Exercise requirements =
From the first line to the last, restate the material word for word; pictures stay out.

Recorded information =
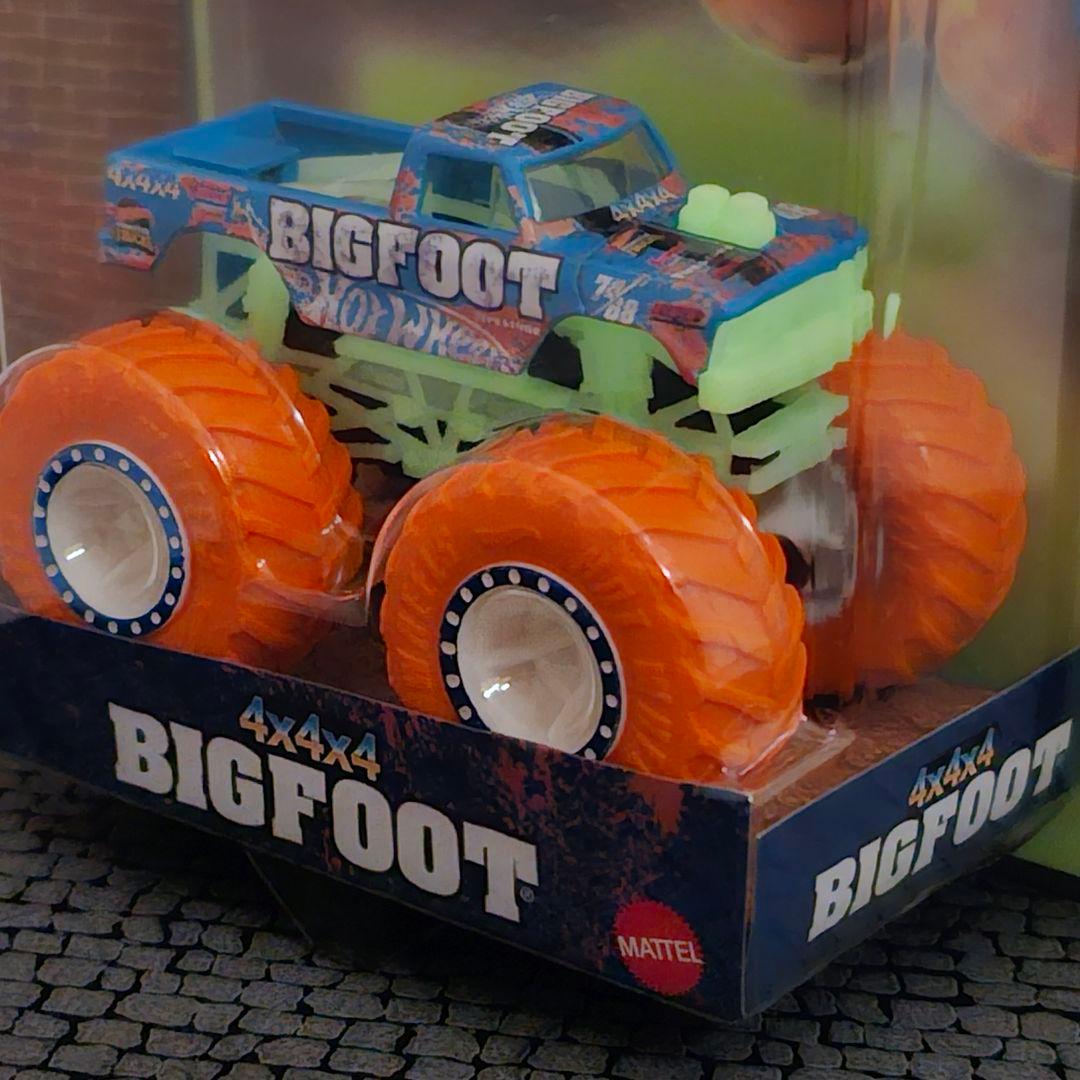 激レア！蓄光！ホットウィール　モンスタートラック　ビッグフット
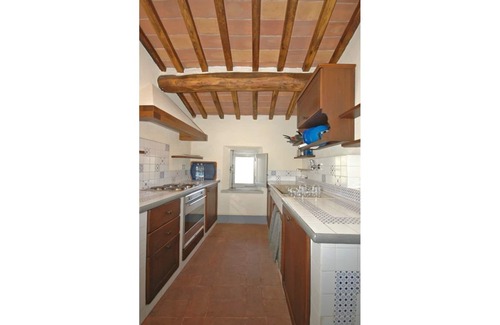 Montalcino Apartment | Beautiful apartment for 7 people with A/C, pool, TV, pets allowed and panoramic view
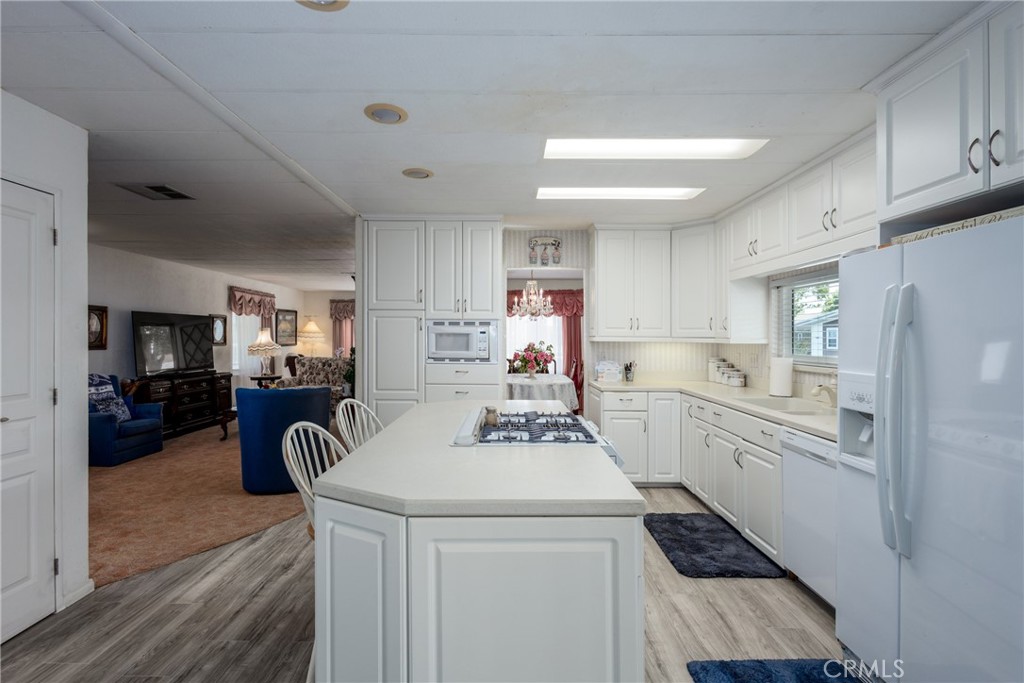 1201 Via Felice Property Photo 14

Task solution =
 激レア！蓄光！ホットウィール　モンスタートラック　ビッグフット
 Montalcino Apartment | Beautiful apartment for 7 people with A/C, pool, TV, pets allowed and panoramic view
 1201 Via Felice Property Photo 14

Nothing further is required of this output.